This goes without saying if you watched the Pittsburgh Steelers’ offense over the last few years, but they were painfully predictable. Matt Canada had a very limited playbook and those watching at home could usually guess what the upcoming play would be before it happened. If the fans at home could do that, then imagine how easy it must have been for opposing defenses. New offensive coordinator Arthur Smith wants to change that.
“We just don’t want to become obvious, right?” Smith said in a video posted by Pittsburgh Post-Gazette on YouTube when asked about getting Darnell Washington involved in the pass game. “So every time this guy’s in here, in this formation, we’re only doing that. So we need everybody involved and it’ll be week to week how we want to scheme it up, but you can’t become obvious because naturally there’s gonna be tendencies.”
A little self-scouting can go a long way, and it sounds like Smith is very aware of that. One of the Steelers’ biggest tells a year ago was their use of pre-snap motion. Credit to Reception Perception’s Matt Harmon for putting this stat together. The Steelers were 30th in drop backs with pre-snap motion while being in the top six for rush attempts with pre-snap motion. If the Steelers were motioning players, they were more than likely going to run the ball. Those kinds of tendencies cannot happen.
One of the big things that has been talked about with Smith’s offense is the return of pistol formations. In pistol, the quarterback lines up about four yards behind center with a single back directly behind him.
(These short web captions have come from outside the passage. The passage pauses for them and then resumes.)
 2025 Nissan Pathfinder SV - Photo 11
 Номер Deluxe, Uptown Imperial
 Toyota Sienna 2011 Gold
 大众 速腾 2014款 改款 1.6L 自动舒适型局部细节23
This gives the quarterback and running back benefits that aren’t present in other formations. The quarterback is still back far enough to see clearly over the offensive line and sense pressure like in shotgun formation, while the running back has enough depth to allow holes to develop and build momentum before contact like when the quarterback is under center.
Here is an example of pistol alignment from the Ben Roethlisberger days.
In shotgun, the running back aligns left or right, which is one more thing for the defense to be able to read and pick up tendencies on. In pistol, the uniform alignment behind the quarterback allows for a bunch of possibilities from the same look.
Over the last three seasons, the Steelers have run just 100 plays out of the pistol formation. That is the 13th most in the league, but still well below the offenses that truly feature it. Smith’s teams with the Atlanta Falcons ranked first in the league over that time period with 772 plays, per TruMedia. Alex Kozora has confirmed the use of pistol over the first week of training camp.
Smith elaborated on the benefits of the pistol offense.
“The pistol, you see it trending and it was big in college football. More teams were running it. We started really getting more into it in ’22,”Smith said of his time with the Falcons. “It’s a little bit different sometimes [with] your run tracks and you’re under center, but I felt we got good at it, and it just keeps the defense honest where you don’t have tendencies. Sometimes maybe on early downs, offset to the tight end or offset away giving up tendencies. It allows you to do your whole package. And then you got quarterbacks that run and then you add the zone-read element to it, and you make the people defend more.”
This is valuable information coming right from the play caller’s mouth. The pistol enables the offense to run a whole package of plays out of roughly the same looks. This makes it much more difficult for defenses to key on what is happening pre-snap and much harder for defensive coordinators to prepare for.
The element of mobile quarterbacks is also a key addition to pistol, and the Steelers have two who are plenty capable in that area. They will be able to run play-action passes, naked bootlegs, zone-reads and much more out of roughly the same look.
A competent offensive system alone should make a huge difference in 2024, and that is before you factor in the various improvements the Steelers have made with their personnel.